Exercise details: Your answer must be the exact lines of the listing below that run from the line with "This is the retted" to the line with "Flagellum of Euglena", ends included, and no pictures.

Raw data:
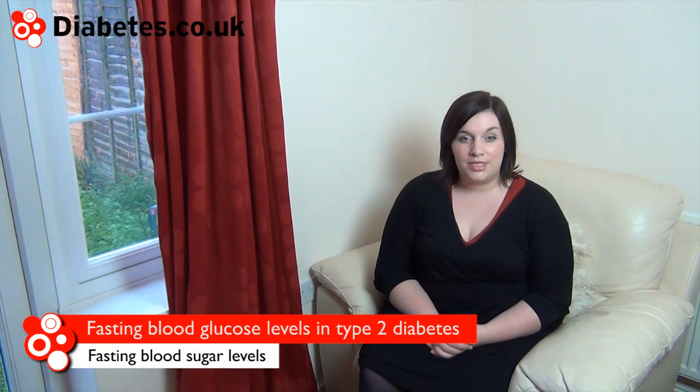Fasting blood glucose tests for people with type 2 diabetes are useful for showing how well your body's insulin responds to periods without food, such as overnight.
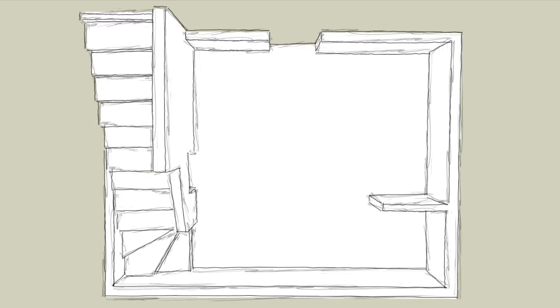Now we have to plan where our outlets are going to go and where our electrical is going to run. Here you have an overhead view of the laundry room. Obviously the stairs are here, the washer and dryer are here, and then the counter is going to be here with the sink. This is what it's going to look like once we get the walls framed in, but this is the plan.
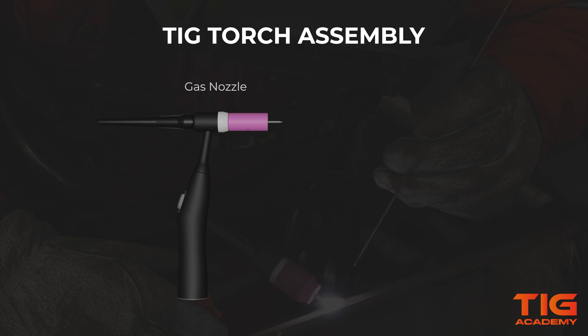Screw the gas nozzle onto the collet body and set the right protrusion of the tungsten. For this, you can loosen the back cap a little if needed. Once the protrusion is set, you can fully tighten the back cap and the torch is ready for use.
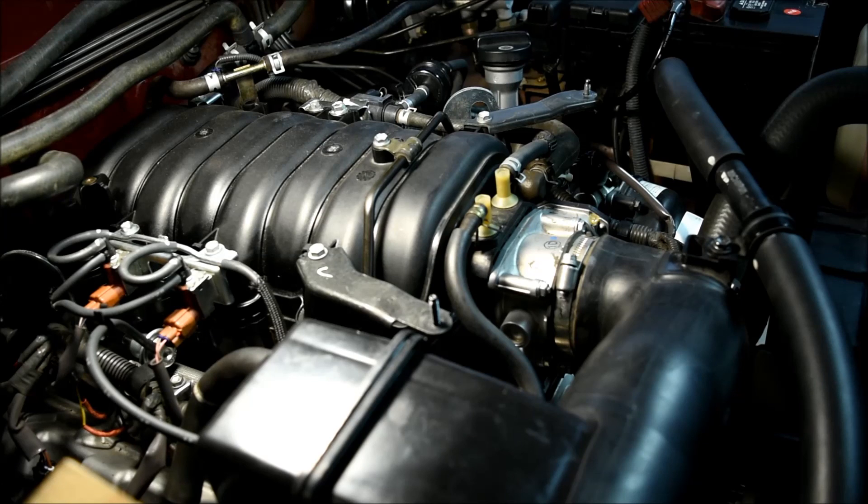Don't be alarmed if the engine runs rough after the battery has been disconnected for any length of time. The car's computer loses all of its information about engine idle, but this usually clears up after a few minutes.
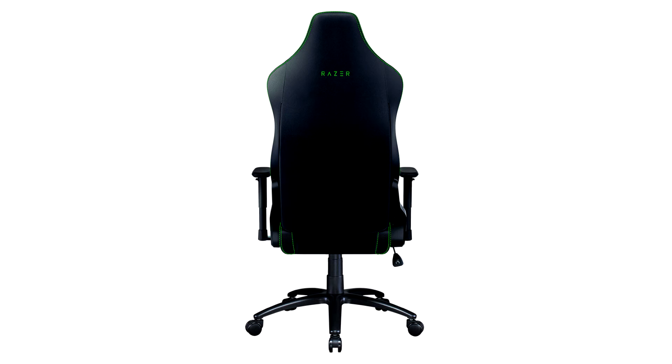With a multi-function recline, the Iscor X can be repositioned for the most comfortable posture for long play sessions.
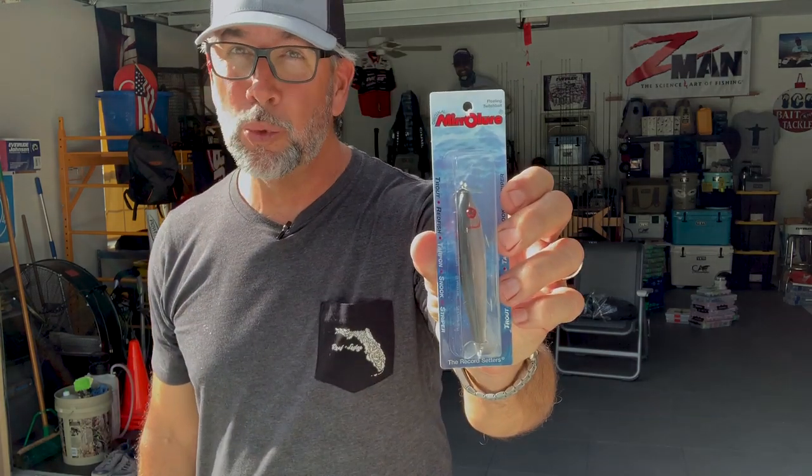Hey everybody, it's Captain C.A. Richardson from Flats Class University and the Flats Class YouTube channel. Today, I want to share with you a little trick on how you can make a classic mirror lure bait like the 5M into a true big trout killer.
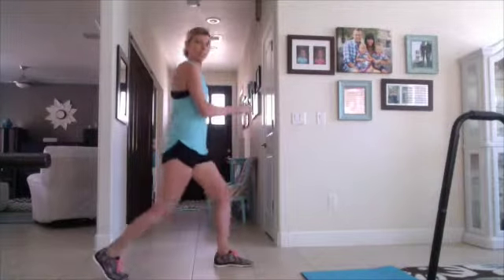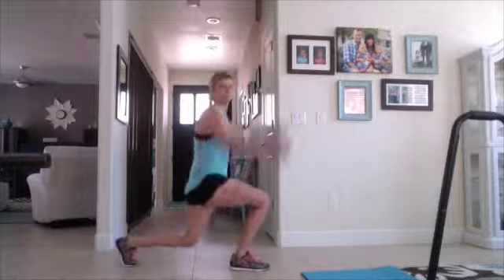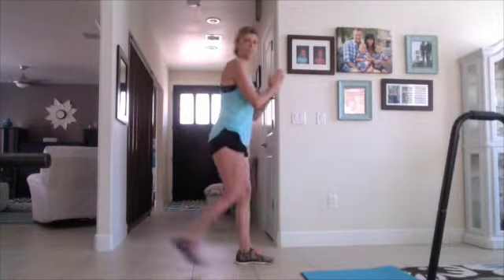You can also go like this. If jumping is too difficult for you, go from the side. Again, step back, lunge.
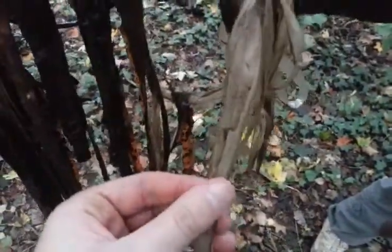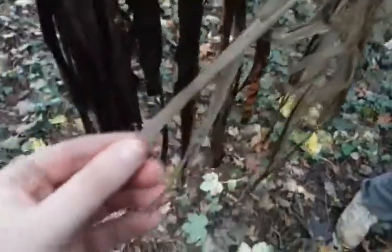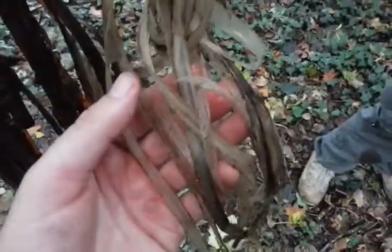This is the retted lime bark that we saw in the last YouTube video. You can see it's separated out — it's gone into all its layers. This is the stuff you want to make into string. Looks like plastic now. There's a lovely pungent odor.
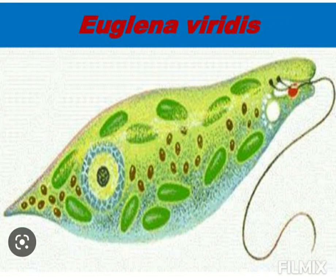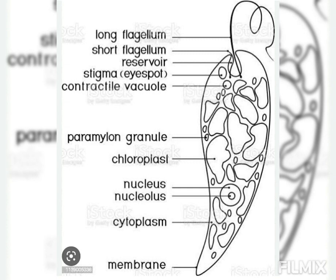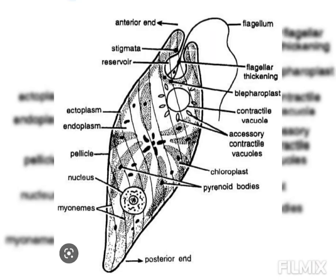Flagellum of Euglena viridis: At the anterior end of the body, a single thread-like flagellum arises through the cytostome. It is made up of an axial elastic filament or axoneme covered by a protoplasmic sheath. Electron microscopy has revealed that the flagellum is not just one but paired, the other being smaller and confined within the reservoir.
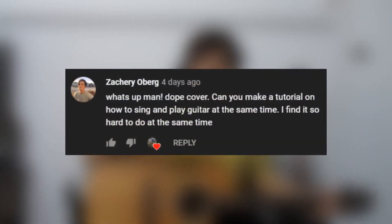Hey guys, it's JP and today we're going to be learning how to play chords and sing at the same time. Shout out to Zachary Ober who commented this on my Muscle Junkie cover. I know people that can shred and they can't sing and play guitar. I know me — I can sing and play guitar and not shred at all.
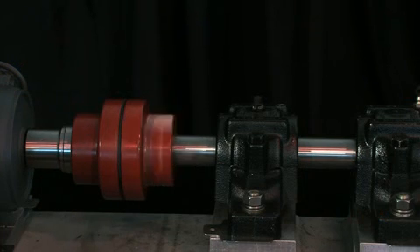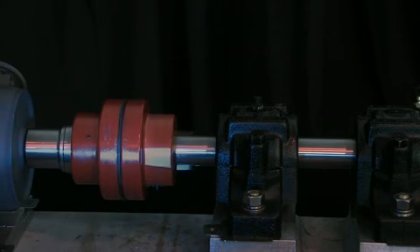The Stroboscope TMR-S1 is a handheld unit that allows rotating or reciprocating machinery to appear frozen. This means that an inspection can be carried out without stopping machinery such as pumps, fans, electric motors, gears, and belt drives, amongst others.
---
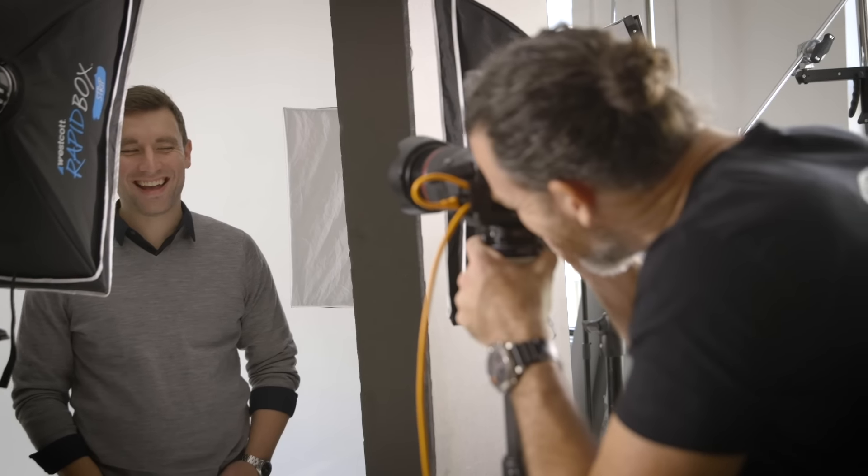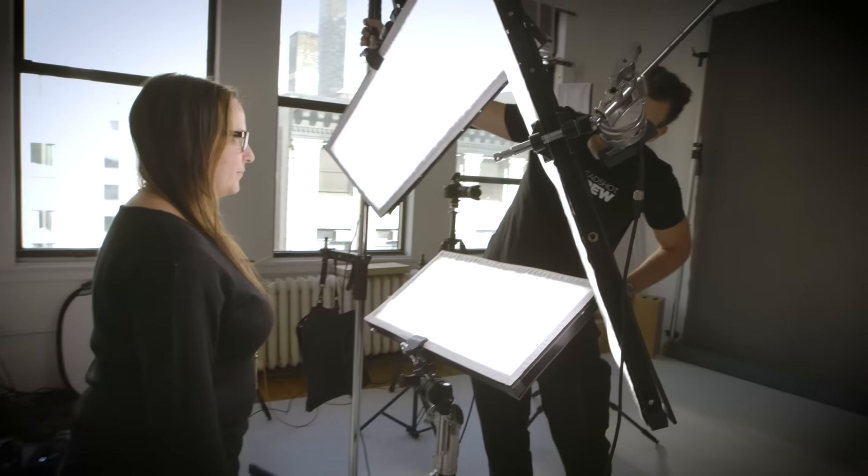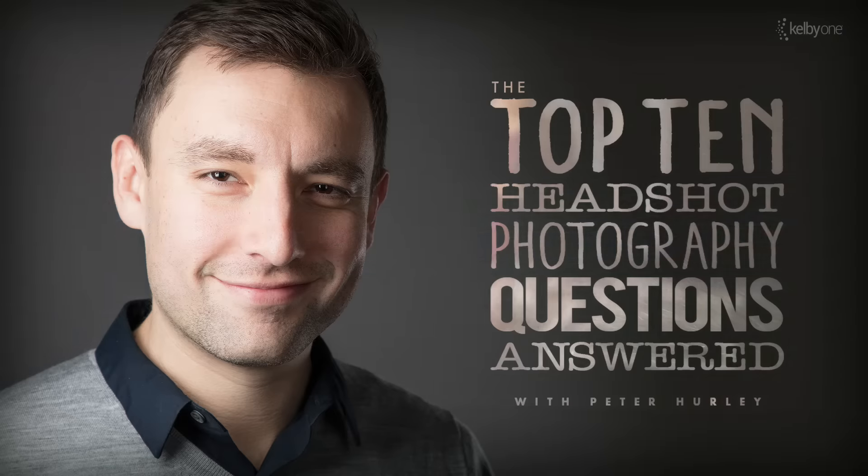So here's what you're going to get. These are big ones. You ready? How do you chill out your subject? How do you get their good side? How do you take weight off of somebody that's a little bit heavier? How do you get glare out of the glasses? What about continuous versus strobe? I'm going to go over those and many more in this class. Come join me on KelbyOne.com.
--
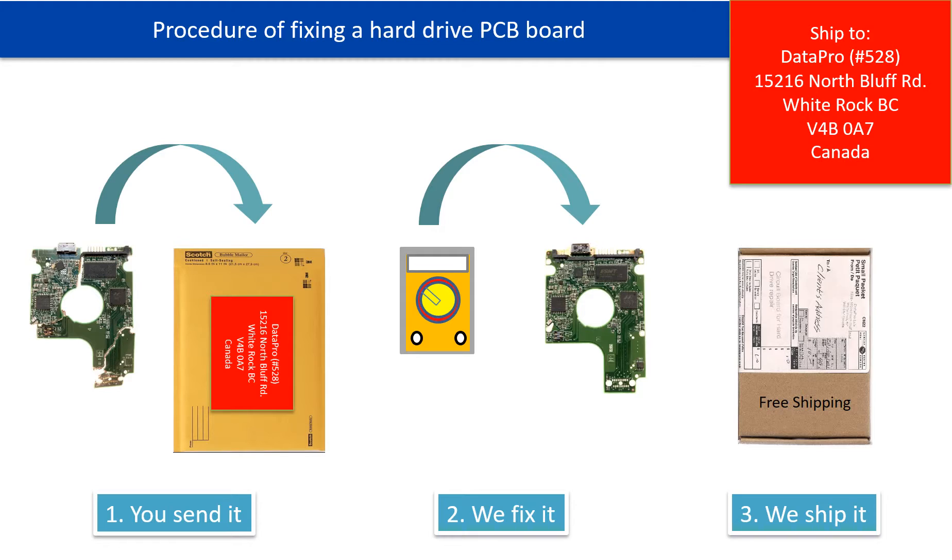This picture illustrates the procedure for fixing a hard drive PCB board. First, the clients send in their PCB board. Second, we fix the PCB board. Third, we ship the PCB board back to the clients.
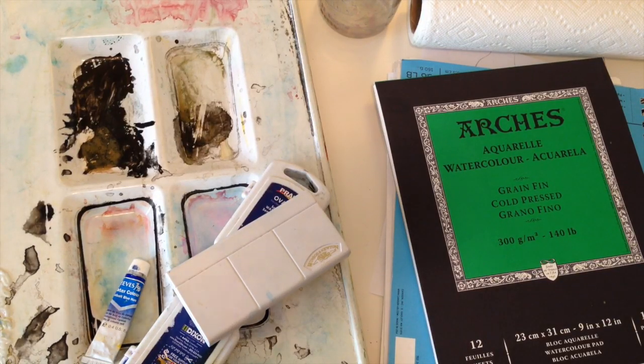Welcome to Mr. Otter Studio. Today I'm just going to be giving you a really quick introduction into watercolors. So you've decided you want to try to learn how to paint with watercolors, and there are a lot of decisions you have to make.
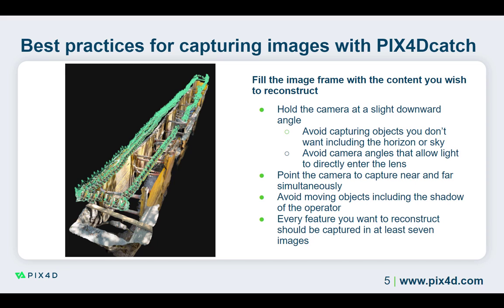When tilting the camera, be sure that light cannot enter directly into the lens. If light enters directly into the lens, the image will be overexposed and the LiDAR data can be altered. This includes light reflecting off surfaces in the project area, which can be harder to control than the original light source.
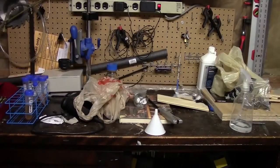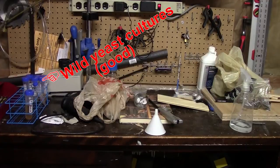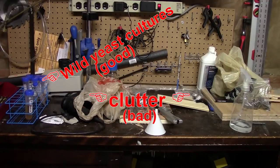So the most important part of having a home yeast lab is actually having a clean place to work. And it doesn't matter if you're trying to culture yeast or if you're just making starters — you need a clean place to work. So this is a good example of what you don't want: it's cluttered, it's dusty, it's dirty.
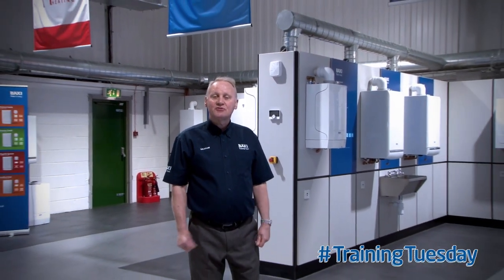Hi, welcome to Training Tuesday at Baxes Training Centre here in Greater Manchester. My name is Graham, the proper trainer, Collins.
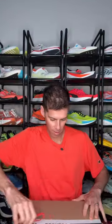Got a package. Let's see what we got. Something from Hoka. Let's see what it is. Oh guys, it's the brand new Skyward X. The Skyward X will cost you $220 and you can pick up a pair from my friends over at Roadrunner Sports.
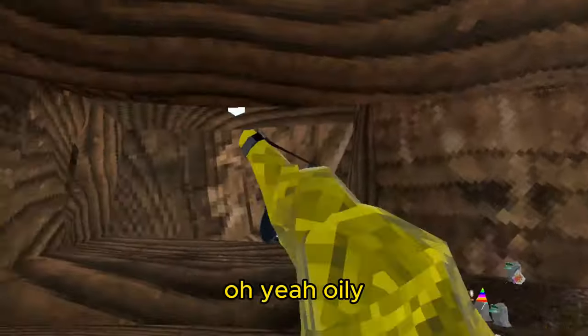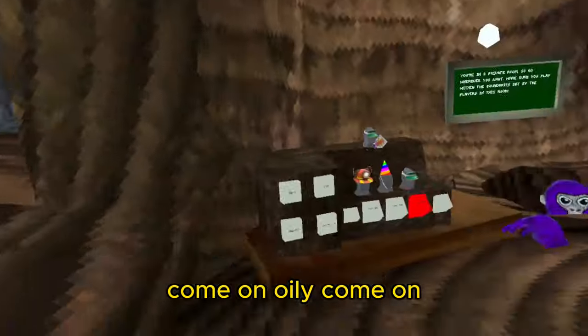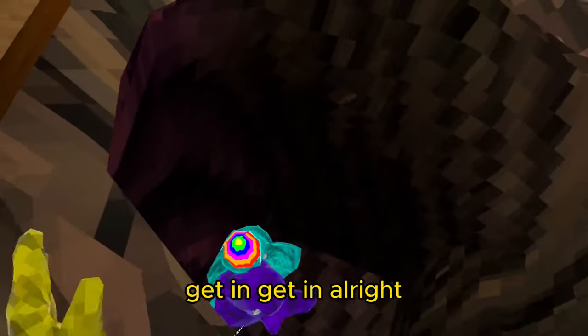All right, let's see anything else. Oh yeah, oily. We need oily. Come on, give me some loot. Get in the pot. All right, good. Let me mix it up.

Solution to this task:
This is the retted lime bark that we saw in the last YouTube video. You can see it's separated out — it's gone into all its layers. This is the stuff you want to make into string. Looks like plastic now. There's a lovely pungent odor.
Flagellum of Euglena viridis: At the anterior end of the body, a single thread-like flagellum arises through the cytostome. It is made up of an axial elastic filament or axoneme covered by a protoplasmic sheath. Electron microscopy has revealed that the flagellum is not just one but paired, the other being smaller and confined within the reservoir.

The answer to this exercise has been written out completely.